Behold the Brave is a local indie rock quartet from Ooltewah consisting oyton Davis, Zack Randolph, Joel Parks and Jeremiah Thompson. For more information, view the band's Facebook profilie at facebook.com/beholdthebrave
From Saskatchewan to California, Chattanooga to London and dozens more dates in between, Deer Tick's summer tour is a real globetrotter.
Given a wide-ranging sound that stretches from poppy ballads to punky anthems, the Rhode Island-based indie quintet's expansive schedule is a case of life imitating art.

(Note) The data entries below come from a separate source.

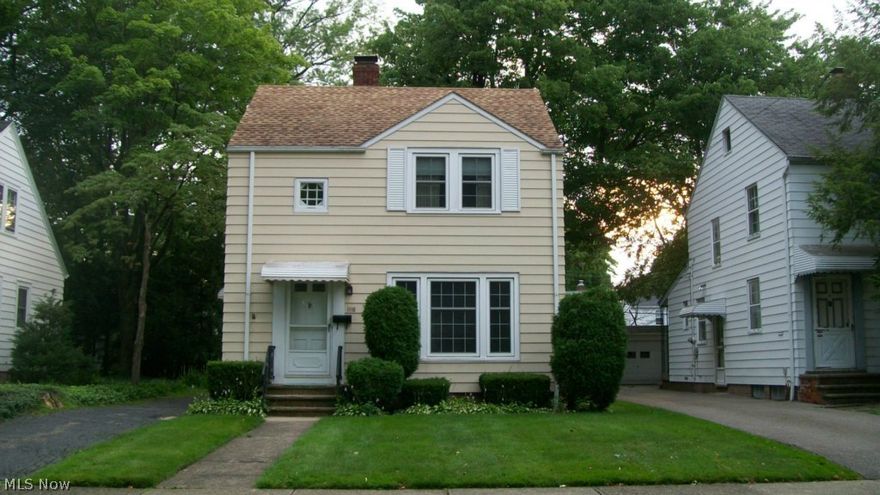 Nicely renovated 2 Bedroom Colonial home. Very spacious rooms. Close to college campuses, highway & University Circle.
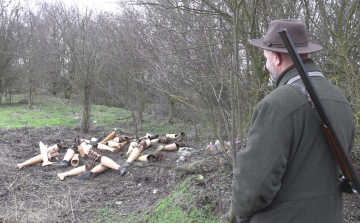 MŰLÁBAKAT DOBTAK KI TISZAJENŐ HATÁRÁBAN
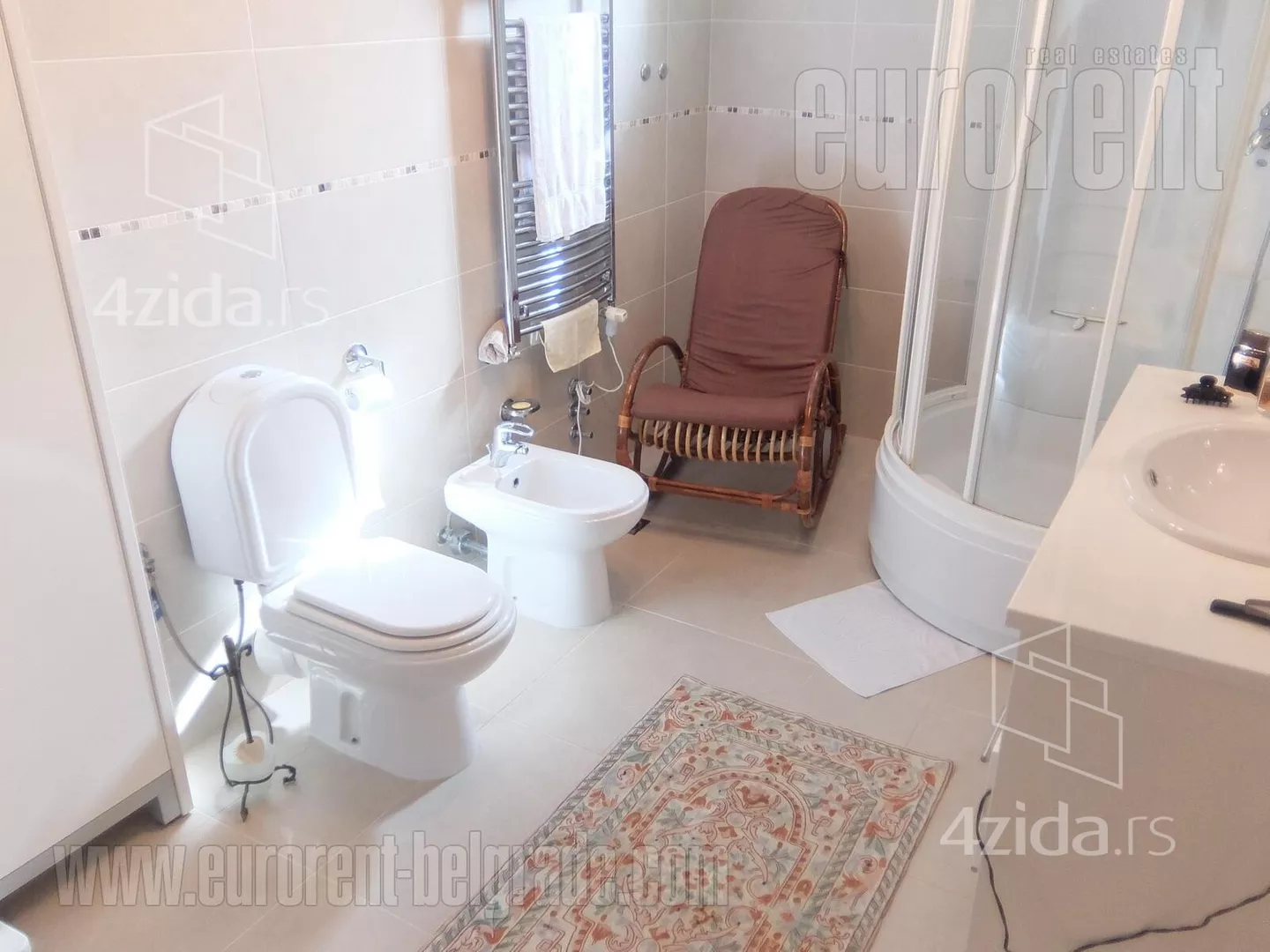 Petosoban stan | 4zida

Although Deer Tick often is tossed cavalierly into the same alt-folk basket as groups such as Iron & Wine and Neutral Milk Hotel, guitarist Ian O'Neil said the band's members were most strongly influenced by the building block genres of American rock.
"Country/blues or rockabilly or punk or whatever ... that's the kind of music that we all like," he said. "As far as our influences and the closest thing we have to a genre, that's where we lie."
Deer Tick was founded in 2004 in Providence, R.I., by lead singer John McCauley. O'Neil joined the band about three years ago just before the release of its third studio album, "Black Dirt Sessions."
At the time, he was in between groups, and one of the primary attractions to Deer Tick, he said, was the band's then-limited touring schedule. In recent years, however, the quartet's increasing popularity has kept it on a constant touring circuit of the U.S. and Europe with dates alongside artists such as Neko Case, Dawes and Rilo Kiley vocalist Jenny Lewis.
Tonight, Deer Tick will take the stage at Miller Plaza as this week's Nightfall headliner.
Last year, the members of the band decided to address years of being mislabeled by critics and the increasing gap between the intensity of their live shows and the more laid-back sound of their recordings.
The result of that effort was the group's fourth studio album, "Divine Providence," which featured a rambunctiously intense lo-fi sound that was in stark contrast to previous releases.
"Divine Providence" and "Tim," its 2012 follow-up, will be featured alongside back-catalog material during the set tonight.
O'Neil said the group began working earlier this year on a follow-up that yet again will shift the sound in new directions, but the most-recent releases were a statement he's glad they made.
"That's the record we set out to make, and I'm really happy we made it," he said. "I think it needed to happen just to bring something right up in our audience's face and clear the slate, you know? We felt like we were fighting for something."